WORK ITEM. If pictures appear in the lines below, skip them and copy exactly the lines from the one containing "Bild 19: Galerie" through the one containing "Jicama tastes like", and nothing else.

MATERIAL PROVIDED.
== == ==

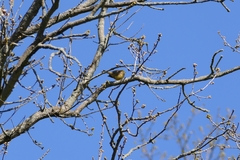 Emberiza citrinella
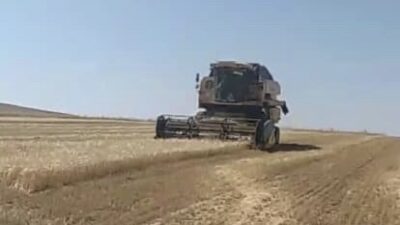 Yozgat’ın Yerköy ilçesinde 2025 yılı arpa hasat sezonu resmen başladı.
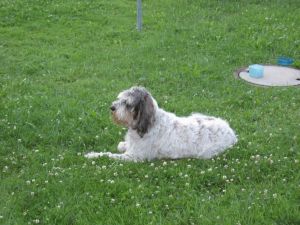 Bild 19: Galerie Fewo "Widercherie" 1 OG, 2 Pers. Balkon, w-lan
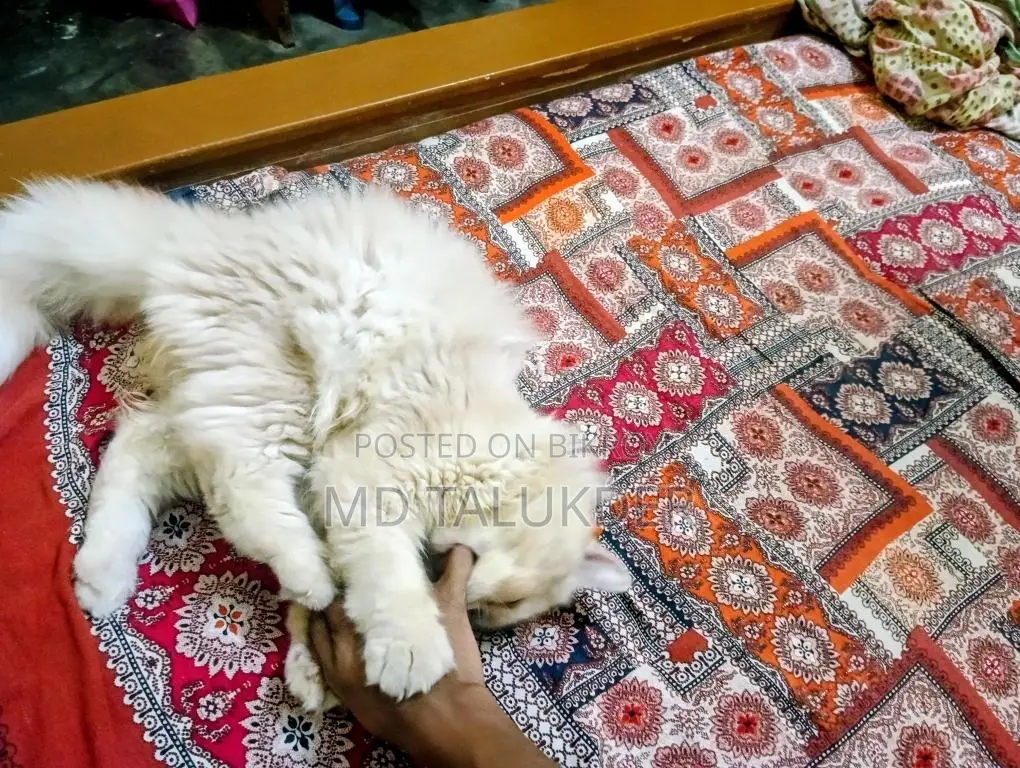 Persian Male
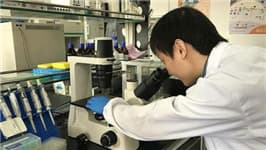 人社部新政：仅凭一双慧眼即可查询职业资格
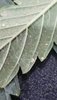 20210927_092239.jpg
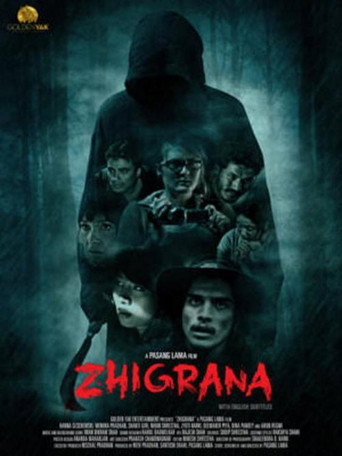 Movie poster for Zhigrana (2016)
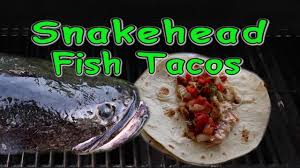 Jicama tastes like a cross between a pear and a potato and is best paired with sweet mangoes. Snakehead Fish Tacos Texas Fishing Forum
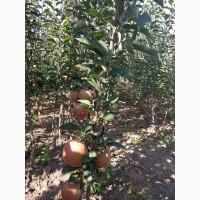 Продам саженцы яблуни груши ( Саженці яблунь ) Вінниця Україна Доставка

== == ==

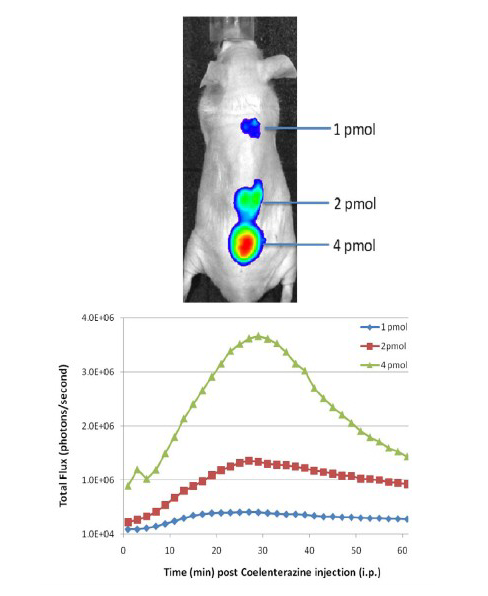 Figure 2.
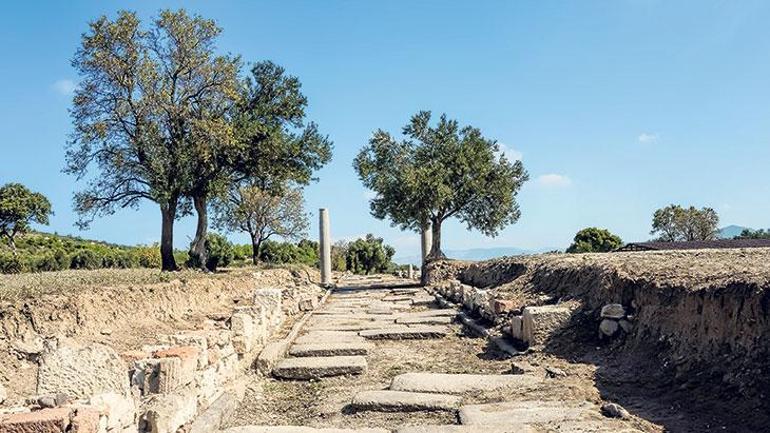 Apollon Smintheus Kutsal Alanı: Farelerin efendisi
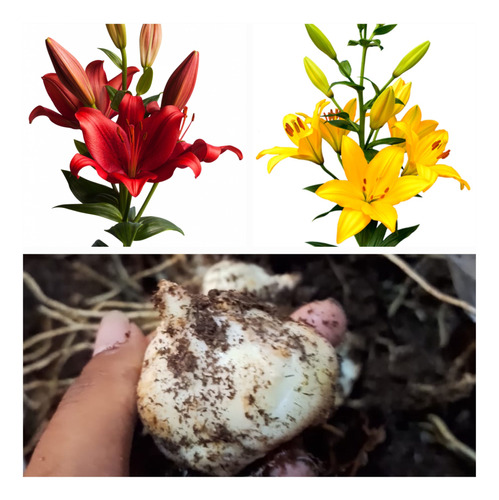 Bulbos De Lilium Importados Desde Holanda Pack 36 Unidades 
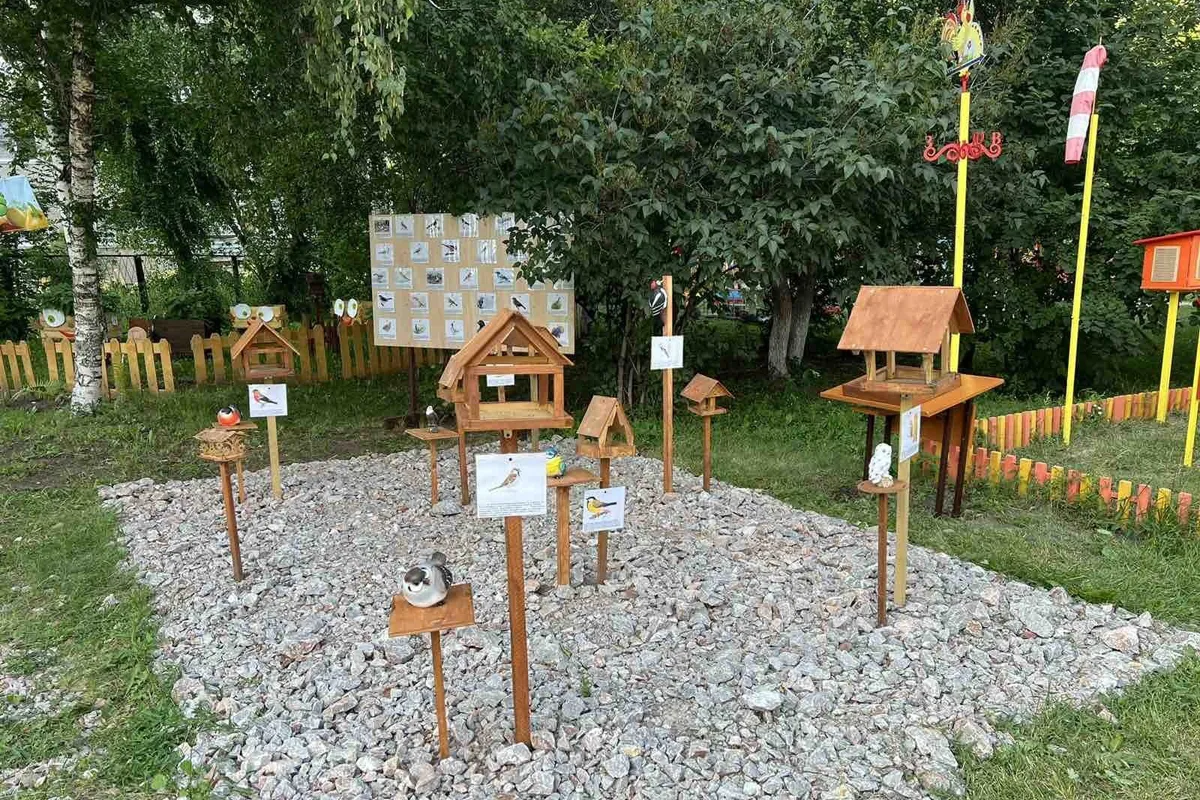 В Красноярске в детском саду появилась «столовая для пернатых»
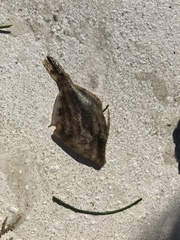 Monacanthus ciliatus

== == ==

REPLY.
 Bild 19: Galerie Fewo "Widercherie" 1 OG, 2 Pers. Balkon, w-lan
 Persian Male
 人社部新政：仅凭一双慧眼即可查询职业资格
 20210927_092239.jpg
 Movie poster for Zhigrana (2016)
 Jicama tastes like a cross between a pear and a potato and is best paired with sweet mangoes. Snakehead Fish Tacos Texas Fishing Forum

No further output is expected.